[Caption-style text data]
= Beginning of Section =
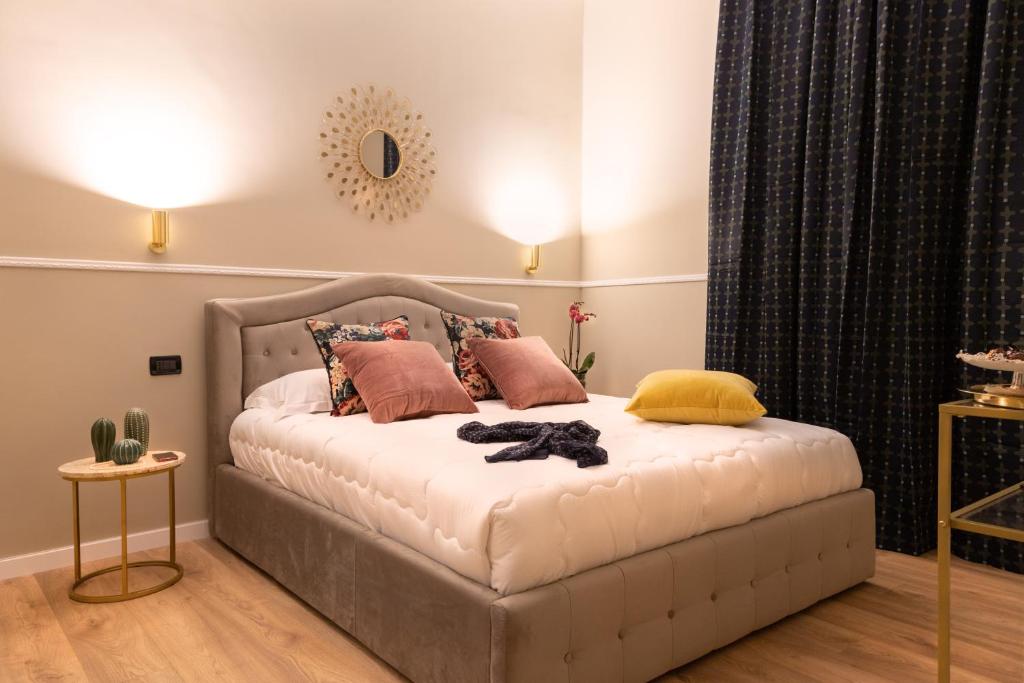 A bed or beds in a room at Fair Suite Roma Termini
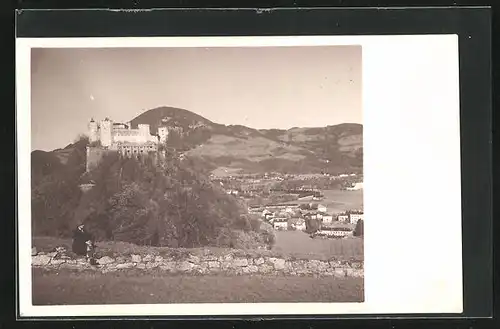 Foto-AK Salzburg, Blick aus dem Umland auf Hohensalzburg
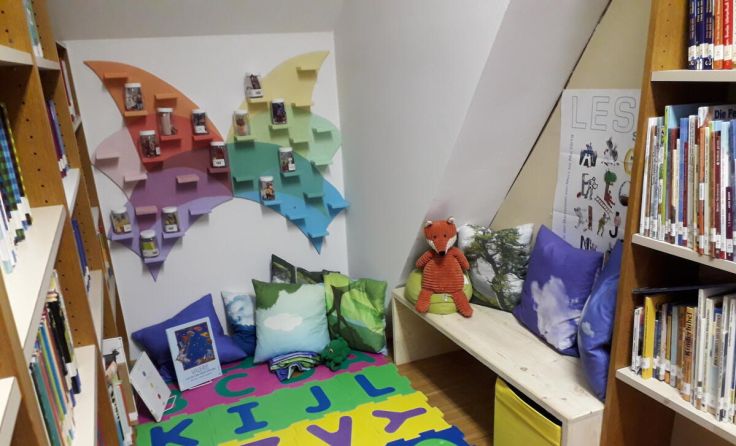 Gemütliche Leseecke in der Bibliothek Helfenberg (Foto: Bibliothek Helfenberg)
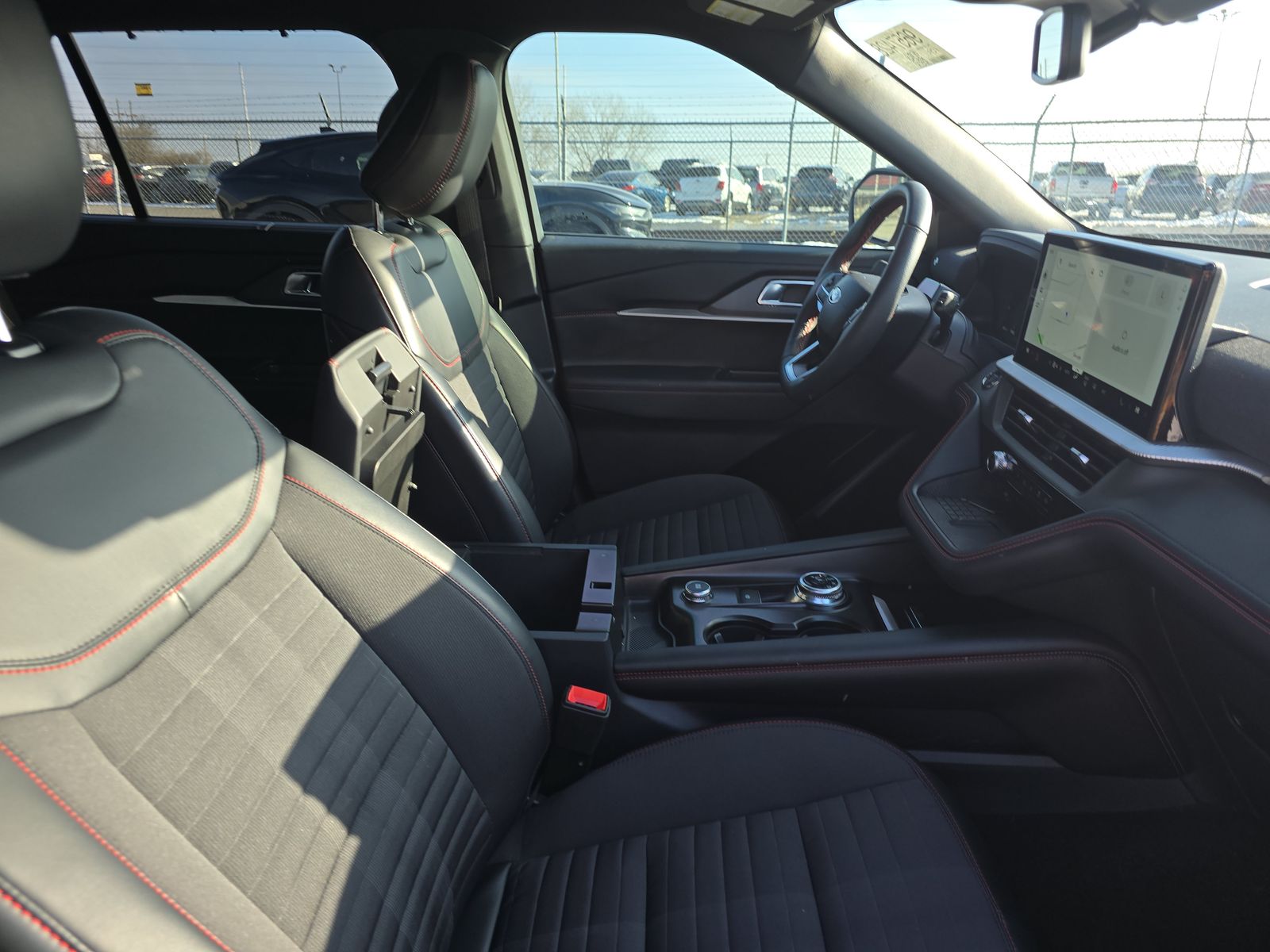 2025 Ford Explorer ST-Line RWD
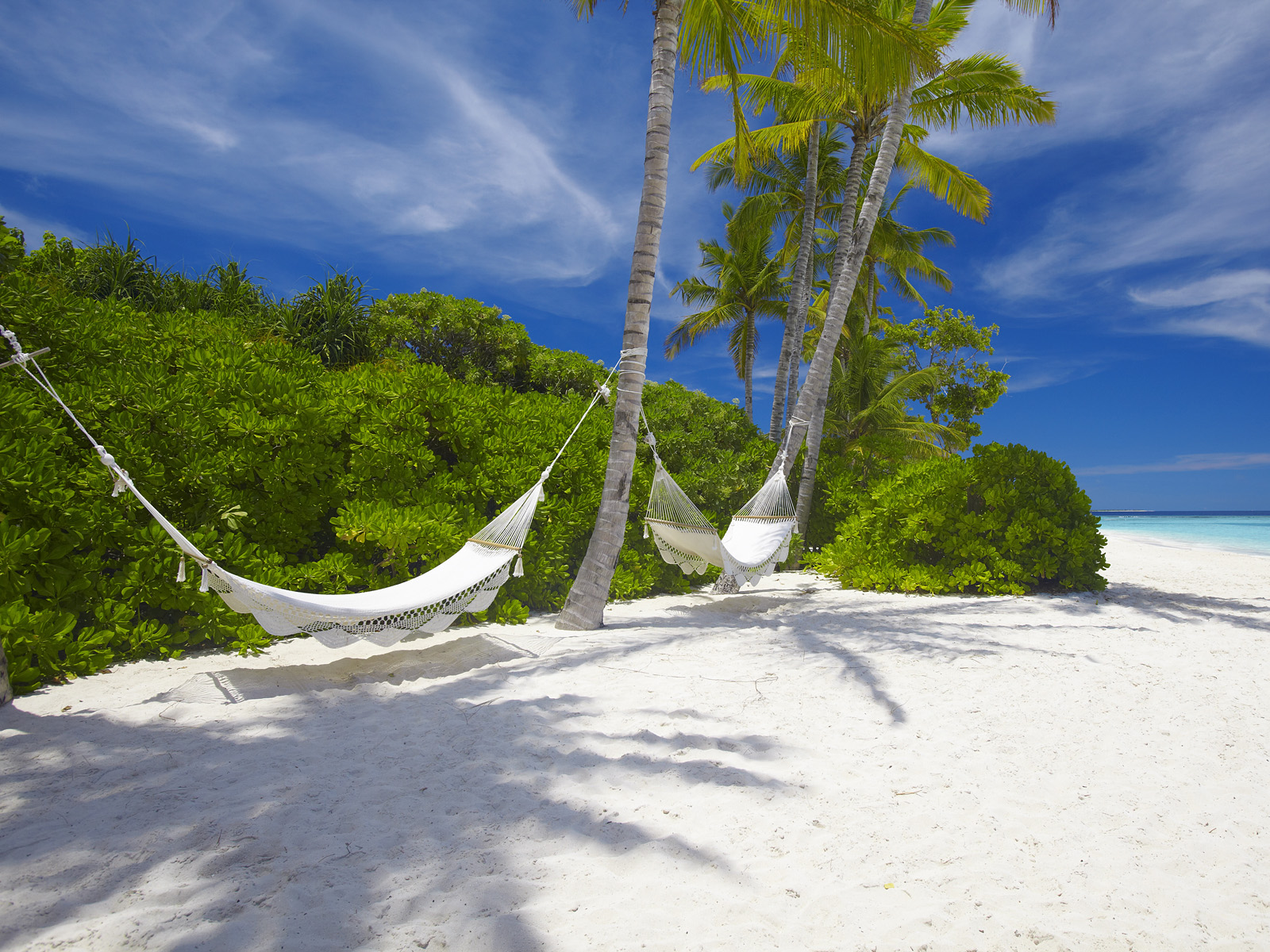 Two_Hammocks_Maldives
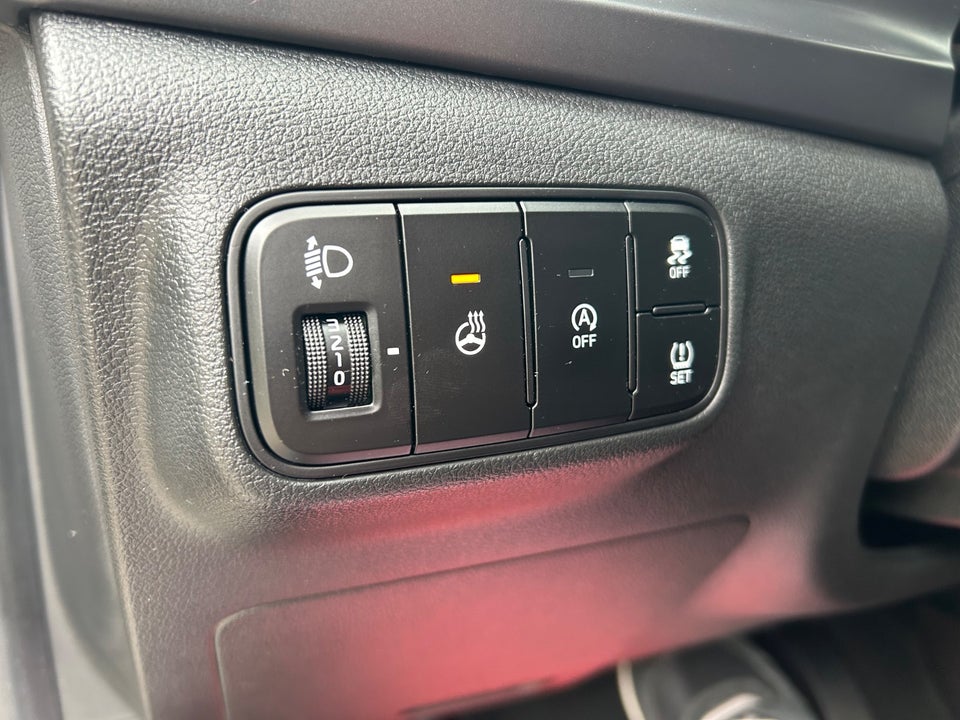 Hyundai i20 1,0 T-GDi Essential DCT 5d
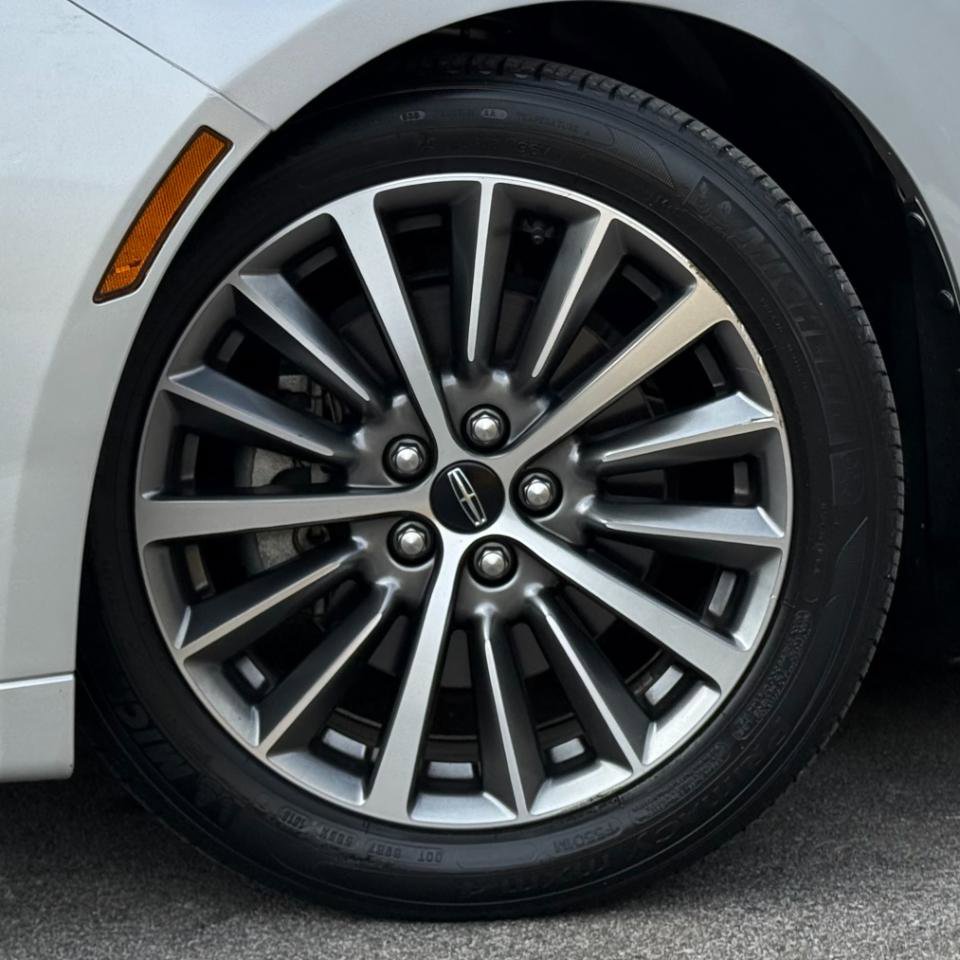 Used 2018 Lincoln MKZ Premiere FWD image 23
= End of Section =
(WORK ITEM):
Pictures stay out; reproduce exactly the lines from the one containing "Gemütliche Leseecke in" through the end of the data.

(RESULT):
 Gemütliche Leseecke in der Bibliothek Helfenberg (Foto: Bibliothek Helfenberg)
 2025 Ford Explorer ST-Line RWD
 Two_Hammocks_Maldives
 Hyundai i20 1,0 T-GDi Essential DCT 5d
 Used 2018 Lincoln MKZ Premiere FWD image 23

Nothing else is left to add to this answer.